Banijay, groupe de production audiovisuelle, aurait candidaté au rachat de Métropole Télévision. La vente à un producteur de programmes pourrait-elle transformer les chaînes du groupe en simple diffuseur de ces programmes ?

Les candidats à l’achat des parts détenues par Bertelsmann dans la société Métropole Télévision ne sont pas encore officiellement connus mais la presse fait échos de plusieurs prétendants dont certains sont également producteurs de programmes audiovisuels. L’achat d’une part importante du capital social du groupe Métropole Télévision permettrait-il à un producteur de faire des chaînes du groupe une vitrine de ses programmes ? Une telle situation pourrait porter atteinte au pluralisme et à la diversité des programmes tout en empêchant d’autres producteurs de vendre leurs programmes aux nombreuses chaînes du groupe (effet de concentration verticale).

Fort heureusement, le droit de l’audiovisuel français empêche un tel scénario. Tout d’abord, l’ARCOM et l’ADLC ne manqueront pas de contrôler ces risques au moment de la vente. Ensuite, les chaînes de télévision hertziennes et non hertziennes qui émettent en France ont des obligations d’investissement dans les œuvres cinématographiques (les œuvres qui sortent au cinéma en France) et audiovisuelles (celles qui ne sortent pas au cinéma). Deux décrets de 2021 (un décret pour les chaînes hertziennes et l’autre pour les chaînes non hertziennes) prévoient que les chaînes doivent consacrer deux tiers de ces obligations (à savoir 15% au moins du chiffre d’affaires pour les chaînes hertziennes) dans de la production audiovisuelle indépendante, c’est-à-dire des investissements dans des œuvres dans lesquelles l’éditeur de service ne détient pas directement ou indirectement des parts de producteurs. Est ainsi réputée indépendante d’un éditeur de services l’entreprise de production dans laquelle l’éditeur de services ou la ou les personnes le contrôlant ne détiennent pas, directement ou indirectement, de part du capital social ou des droits de vote.
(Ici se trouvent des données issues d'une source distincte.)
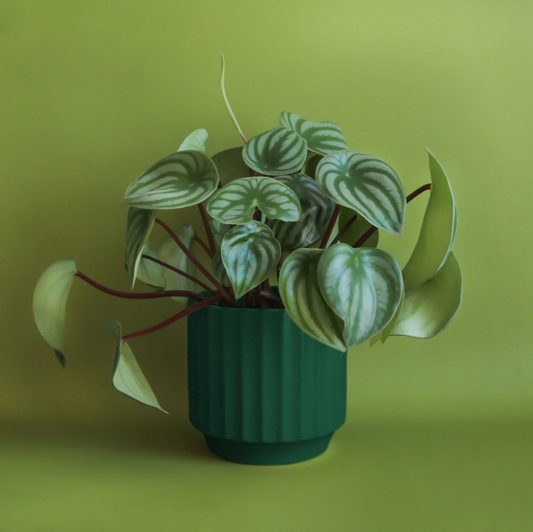 Monroe Pot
Un producteur qui détient des parts de capital social d’un éditeur de chaîne devra donc laisser une place aux productions de sociétés qui ne lui sont pas capitalistiquement liées comme l’a rappelé l’ADLC en 2018 (v. point n° 33) dans sa décision relative à l’achat par TF1 du producteur audiovisuel Newen. On pourra objecter que ces investissements dans l’indépendant se limitent à deux tiers de l’obligation d’investissement dans l’audiovisuel (deux tiers de 15% du chiffre d’affaires). Une fois ces deux tiers atteints, la chaîne est libre de dépenser son argent comme bon lui semble en matière d’achat de droits de diffusion d’œuvres audiovisuelles. Les capacités d’investissement d’une chaîne ne sont néanmoins pas infinies. Au surplus, les sommes que les chaînes du groupe M6 auront chaque année à consacrer à la production indépendante ne sont pas négligeables et permettent de garantir que ces chaînes ne deviennent pas de simples diffuseurs de la production d’un de leurs actionnaires. On notera également que l’ARCOM a la possibilité d’imposer une part d’obligation d’investissement dans les œuvres indépendantes supérieure aux deux tiers prévus par le décret de 2021 consacré aux chaînes hertziennes. Cette possibilité pourrait s’avérer intéressante si un producteur venait à contrôler le groupe Métropole Télévision.